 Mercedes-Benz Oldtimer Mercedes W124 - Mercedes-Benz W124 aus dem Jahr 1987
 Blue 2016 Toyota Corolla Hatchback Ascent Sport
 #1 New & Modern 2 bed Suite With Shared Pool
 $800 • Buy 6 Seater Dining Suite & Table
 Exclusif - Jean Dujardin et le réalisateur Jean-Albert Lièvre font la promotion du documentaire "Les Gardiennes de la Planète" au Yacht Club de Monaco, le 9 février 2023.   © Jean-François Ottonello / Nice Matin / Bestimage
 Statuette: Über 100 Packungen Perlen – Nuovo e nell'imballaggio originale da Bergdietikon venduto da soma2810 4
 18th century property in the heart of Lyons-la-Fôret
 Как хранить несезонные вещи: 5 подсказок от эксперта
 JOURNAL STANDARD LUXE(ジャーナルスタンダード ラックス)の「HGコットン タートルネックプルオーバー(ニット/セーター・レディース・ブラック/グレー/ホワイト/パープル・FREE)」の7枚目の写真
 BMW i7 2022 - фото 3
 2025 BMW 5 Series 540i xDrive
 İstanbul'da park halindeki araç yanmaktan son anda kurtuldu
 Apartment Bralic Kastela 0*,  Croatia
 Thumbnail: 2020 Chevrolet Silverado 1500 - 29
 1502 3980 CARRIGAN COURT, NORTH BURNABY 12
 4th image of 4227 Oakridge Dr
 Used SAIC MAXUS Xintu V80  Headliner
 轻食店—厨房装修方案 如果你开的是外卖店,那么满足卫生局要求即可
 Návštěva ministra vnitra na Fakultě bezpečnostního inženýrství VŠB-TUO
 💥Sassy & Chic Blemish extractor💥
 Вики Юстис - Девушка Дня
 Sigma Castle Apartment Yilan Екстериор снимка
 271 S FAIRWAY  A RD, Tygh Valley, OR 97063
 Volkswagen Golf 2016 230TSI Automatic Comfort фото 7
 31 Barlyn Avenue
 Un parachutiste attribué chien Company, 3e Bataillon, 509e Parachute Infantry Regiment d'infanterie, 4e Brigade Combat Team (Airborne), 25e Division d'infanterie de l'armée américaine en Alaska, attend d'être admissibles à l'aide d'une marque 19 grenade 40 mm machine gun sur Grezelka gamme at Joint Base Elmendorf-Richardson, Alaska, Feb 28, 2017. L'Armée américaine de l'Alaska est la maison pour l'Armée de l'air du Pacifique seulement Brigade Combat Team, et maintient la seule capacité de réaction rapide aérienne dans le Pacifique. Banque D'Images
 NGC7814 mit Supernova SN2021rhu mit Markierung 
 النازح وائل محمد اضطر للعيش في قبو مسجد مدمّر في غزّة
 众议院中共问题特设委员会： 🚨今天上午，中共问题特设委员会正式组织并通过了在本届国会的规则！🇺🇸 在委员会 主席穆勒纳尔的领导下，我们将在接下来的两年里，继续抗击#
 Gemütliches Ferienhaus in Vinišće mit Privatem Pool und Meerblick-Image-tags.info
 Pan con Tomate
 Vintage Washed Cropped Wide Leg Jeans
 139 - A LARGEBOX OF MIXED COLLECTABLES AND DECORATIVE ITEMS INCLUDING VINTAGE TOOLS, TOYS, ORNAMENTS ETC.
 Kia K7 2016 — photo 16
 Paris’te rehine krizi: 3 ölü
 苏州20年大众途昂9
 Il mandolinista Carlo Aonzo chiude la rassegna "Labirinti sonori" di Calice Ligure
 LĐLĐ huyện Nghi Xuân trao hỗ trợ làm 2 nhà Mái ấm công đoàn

....

- Task directions -
What do the lines above say from the one containing "Thumbnail: 2020 Chevrolet" down to the one containing "31 Barlyn Avenue"? Return them exactly, both end lines included, and only them.

- Answer to this problem -
 Thumbnail: 2020 Chevrolet Silverado 1500 - 29
 1502 3980 CARRIGAN COURT, NORTH BURNABY 12
 4th image of 4227 Oakridge Dr
 Used SAIC MAXUS Xintu V80  Headliner
 轻食店—厨房装修方案 如果你开的是外卖店,那么满足卫生局要求即可
 Návštěva ministra vnitra na Fakultě bezpečnostního inženýrství VŠB-TUO
 💥Sassy & Chic Blemish extractor💥
 Вики Юстис - Девушка Дня
 Sigma Castle Apartment Yilan Екстериор снимка
 271 S FAIRWAY  A RD, Tygh Valley, OR 97063
 Volkswagen Golf 2016 230TSI Automatic Comfort фото 7
 31 Barlyn Avenue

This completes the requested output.